Some substance relevantly similar to an experimenter is acting. What would a relevantly similar action require? Either (a) it is pushing up agains the action of another substance incidentally or (b) it has some natural intentionality seeking to subordinate another substance to its own goals. If (a) the activity is an incidental side-effect of a substance that was tending to something else, which leaves us with essentially the same sort of agency as (b), where some natural agent is intending some goal or another.
If this is right, what we call “natural laws” are the conditions under which natural substances work to achieve whatever goals they strive for. The laws give accounts of a marketplace where agents interact and exchange. Certain quantities are conserved in the same way that exchange rates or common instruments of value are conserved.
Marketplaces abstract from particular goals. If you want shoes and I want pie the market where we meet can’t be shoemaking or pie making but needs to serve as a common interface for both. In this sense – of neither making my pies or your shoes – markets have no goals. This is common to all interactions, which exist to facilitate action and articulate its costs, and so to be devoid of the goals of those whom it facilitates.
So it is not just the algorithmic or mathematical character of laws that make them non-teleological but their interactionist character. But this interaction is non-teleological only in the way all interactions are such, sc. that the interaction is taking place only in virtue of rules that are impartial to the goals of the instructing substances. The forces of nature are thus blind in precisely the same way that justice is blind.
This leaves us with the same phenomena of “blind forces” we’ve always had which consists in an indifference to outcomes, but the blindness is not due to being brutish but in having an ideal of intelligence. Like any market system there are strokes of bad luck and catastrophe typical of complex interactions of any system with finite resources of power and intelligence.
If nature is this interactional marketplace for natural substances, then what we call “natural substances” are a different order of existence than what we call “nature”. We see the natural substance only so far as it is living in the marketplace and not in its proper existence as one using the marketplace to attain various goals.

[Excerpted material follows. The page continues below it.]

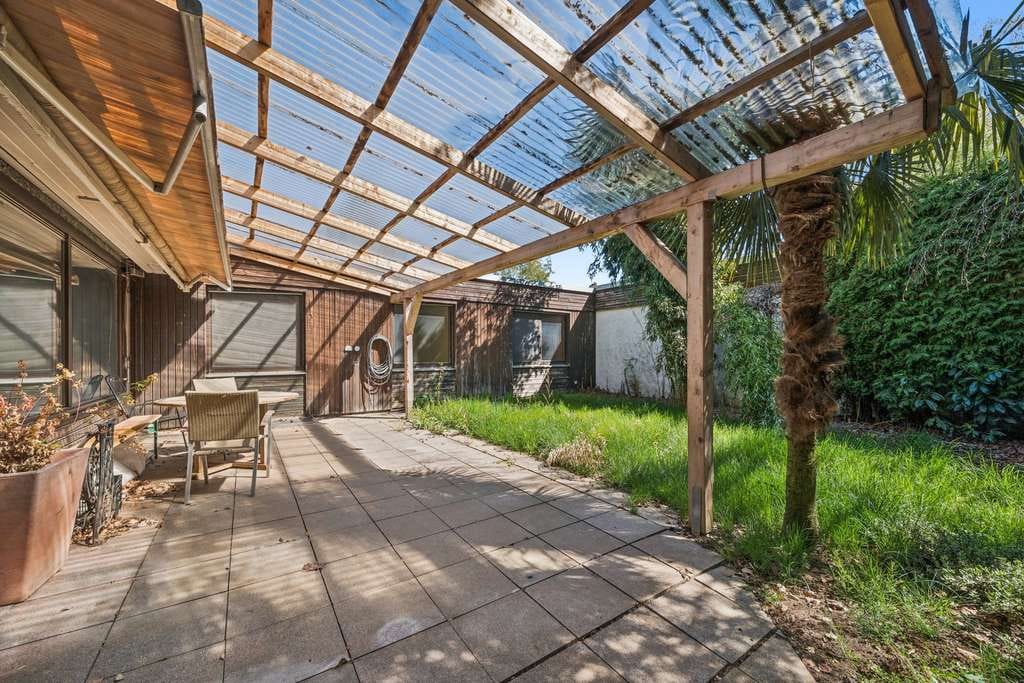 Immobilie in Neubiberg - Bungalow auf ca. 400 m² Grund in ruhiger Lage: 145 m² auf einer Ebene (EG) - zzgl. 100 m² (UG) - Bild 3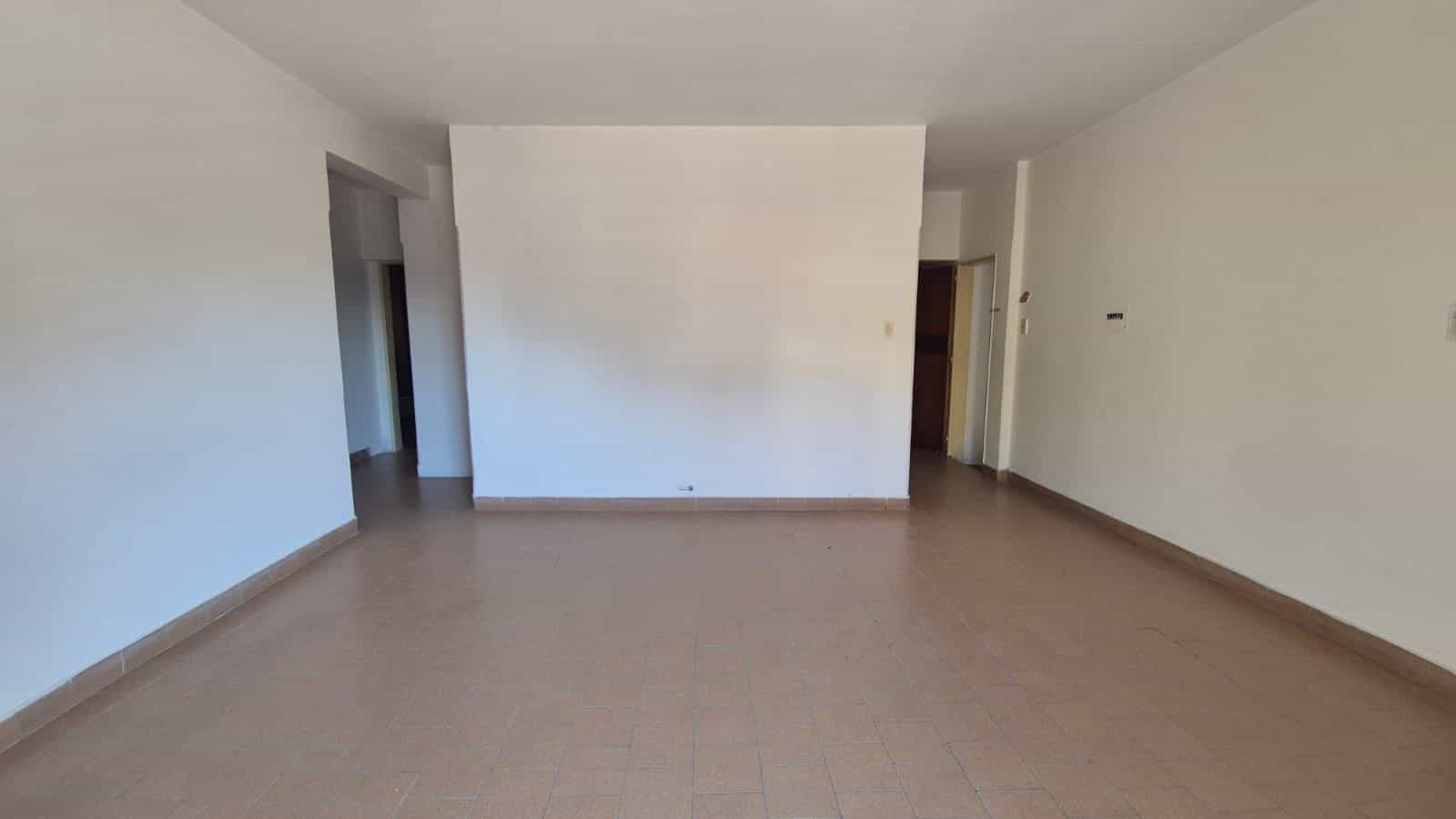 Imagen de la propiedad CASA EN VENTA - AV. RAMIREZ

The natural substance this becomes supernatural, and all action as such is supernatural, and asking how this supernatural being interacts with nature is the same sort of question as asking how consumers interact with a market. In one sense this the question is confused, since consumers don’t interact with the market any more than money changers interact with exchange rates. No one acts with anything that merely facilitates his activity with another.
It would be better to say, however, that when nature is defined operationally or through natural laws then we are abstracting from nature as substance acting for itself. In actual fact the “interaction problem” arises because we have imagined interactive forces as substantial or acting of themselves when in fact they abstract from precisely what acts from itself. Free will and intelligence are just one way in which nature acts by itself by having a form of its own.